By Kirk Maltais


The Department of Agriculture reported Friday that U.S. cattle inventories through Sept. 1 were on par with the same month last year.

Total supplies of cattle on feedlots were 11.3 million head, 45,000 higher from a year ago, the USDA said in its monthly Cattle on Feed Report. The uptick was roughly in line with analyst predictions, with those surveyed by The Wall Street Journal forecasting inventories to be virtually unchanged for the month.

Placements of cattle slowed also were flat, totaling 2.11 million head logged through August. Analysts were forecasting this figure to slide by 1.9%.

Marketings turned higher, totaling 2 million head, up 6% from the same time last year. This change was in line with analyst expectations of a 5.9% increase.

Livestock futures trading on the CME closed lower on Friday.
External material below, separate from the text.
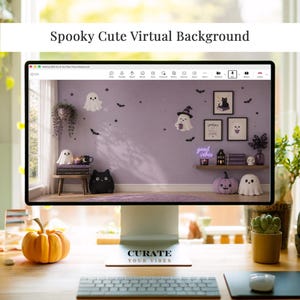 May include: A computer monitor displaying a virtual background featuring a light purple wall decorated with ghost and bat decals, framed art, a shelf with a neon sign reading good vibes, and various ghost and black cat themed decor items.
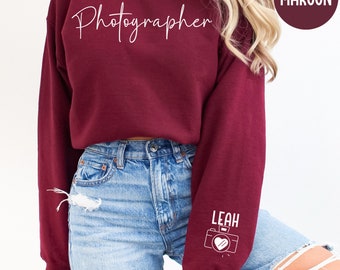 May include: Maroon sweatshirt with the word "Photographer" in white script across the chest. The right sleeve features the name "LEAH" and a camera graphic with a heart. The sweatshirt is a solid maroon color.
The most-active cattle contract fell 0.5% to $1.49 a pound, while the most-active lean hogs contract fell 3.3% to 83.625 cents a pound.


Write to Kirk Maltais at kirk.maltais@wsj.com


Corrections & Amplifications

This article was corrected on Jan. 20, 2023. Analysts were forecasting placements of cattle to slide by 1.9%. The original version misstated the forecast as a slide of 1.9 percentage points.